▶ _What is needed_:
Produce a verbatim transcript of the entries below, excluding pictures.

┌─ Supplied records

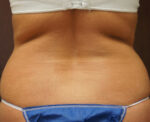 SmartLipo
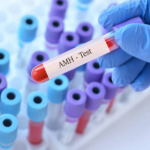 AHM Test 2025 blood test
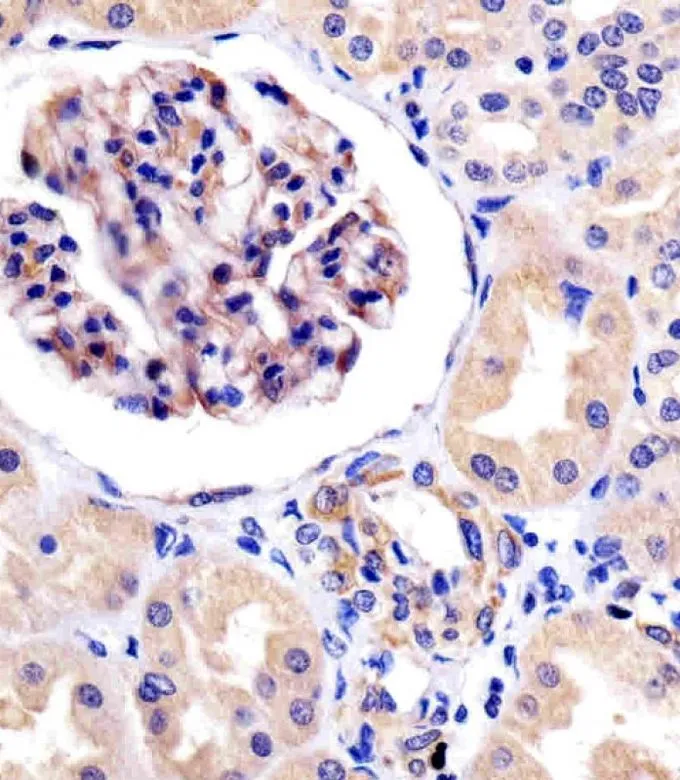 IHC-P analysis of human kidney tissue using GTX81334 ROR1 antibody. Antigen retrieval : heat-induced antigen retrieval with citrate buffer (pH6) Dilution : 1:25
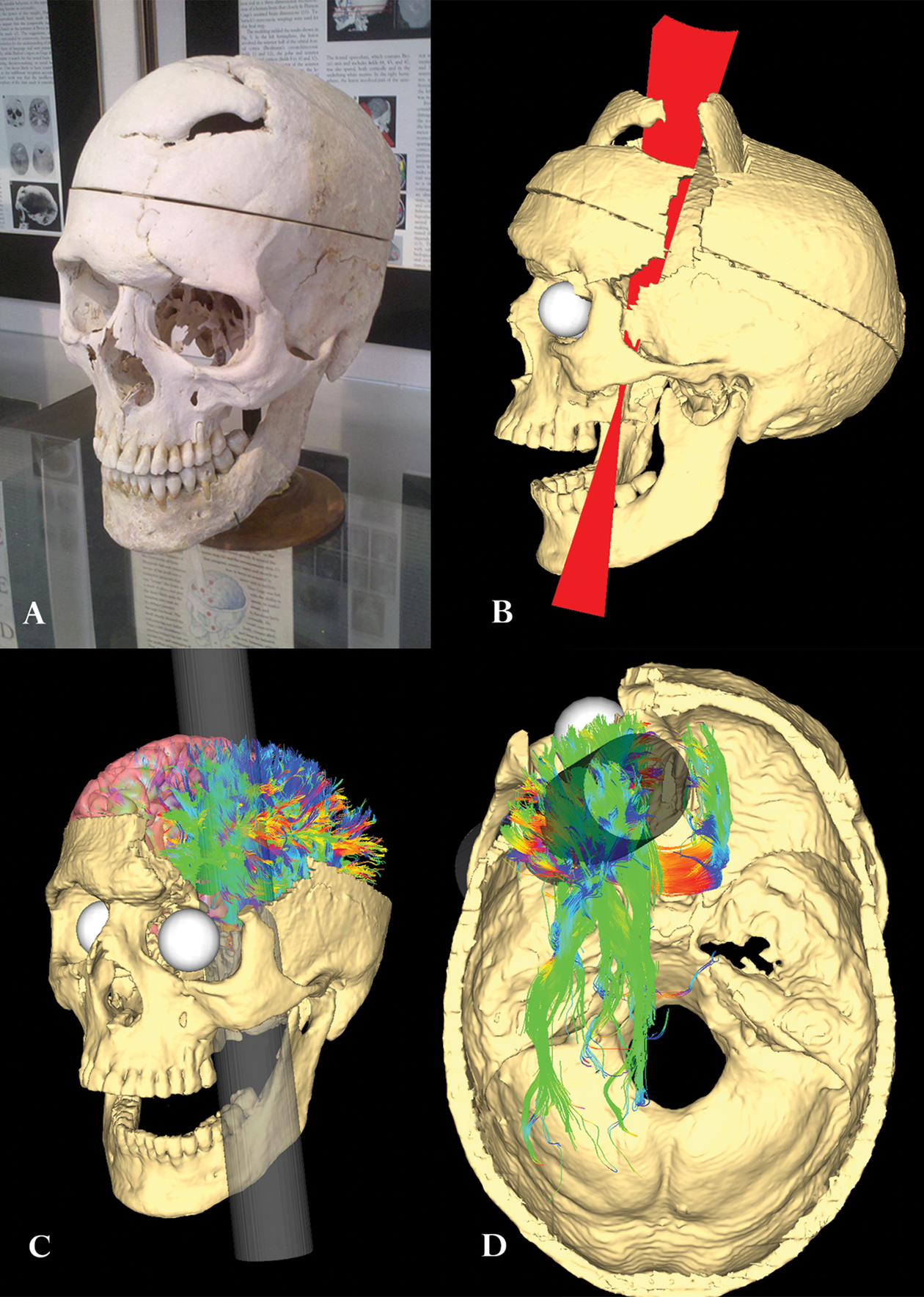 Модель травмы Финеаса Гейджа и ее влияние на структуру белого вещества мозга. Источник: journals.plos.org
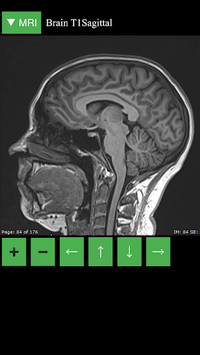 MRI Viewer APK screenshot 1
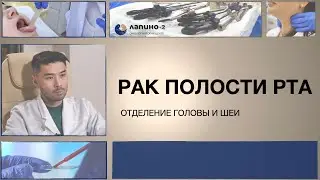 Рак полости рта. Симптомы и лечение в отделении опухолей головы и шеи.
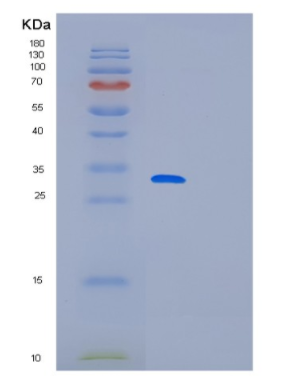 Recombinant Human MED7 Protein,Recombinant Human MED7 Protein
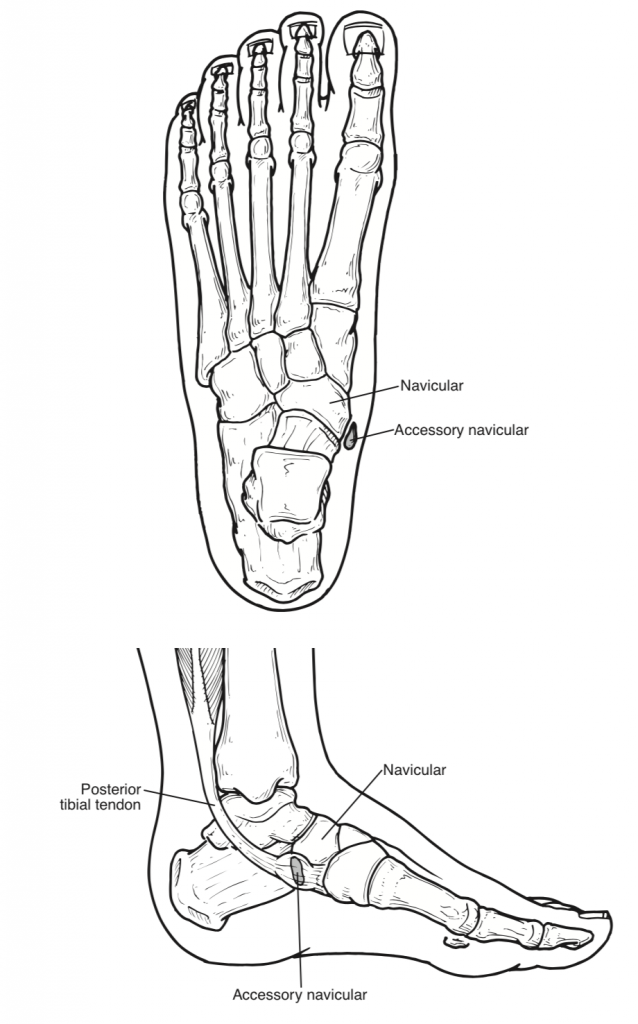 Accessory Navicular Syndrome San Mateo Podiatry Group
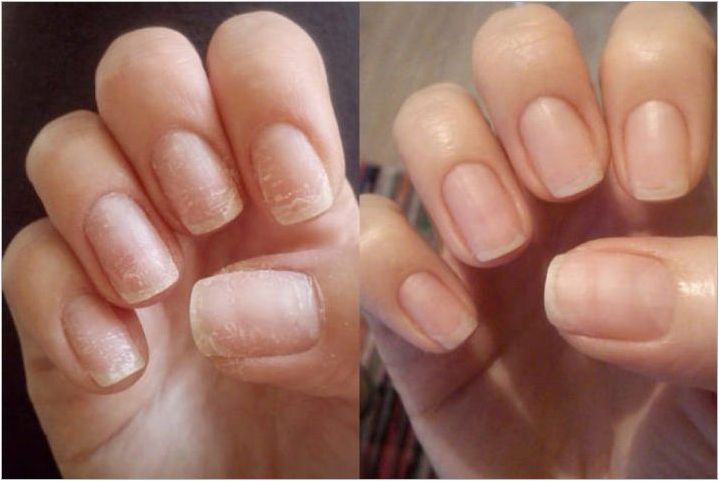 Как да възстановите ноктите си след разширение?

└─

▶ _Task response_:
 SmartLipo
 AHM Test 2025 blood test
 IHC-P analysis of human kidney tissue using GTX81334 ROR1 antibody. Antigen retrieval : heat-induced antigen retrieval with citrate buffer (pH6) Dilution : 1:25
 Модель травмы Финеаса Гейджа и ее влияние на структуру белого вещества мозга. Источник: journals.plos.org
 MRI Viewer APK screenshot 1
 Рак полости рта. Симптомы и лечение в отделении опухолей головы и шеи.
 Recombinant Human MED7 Protein,Recombinant Human MED7 Protein
 Accessory Navicular Syndrome San Mateo Podiatry Group
 Как да възстановите ноктите си след разширение?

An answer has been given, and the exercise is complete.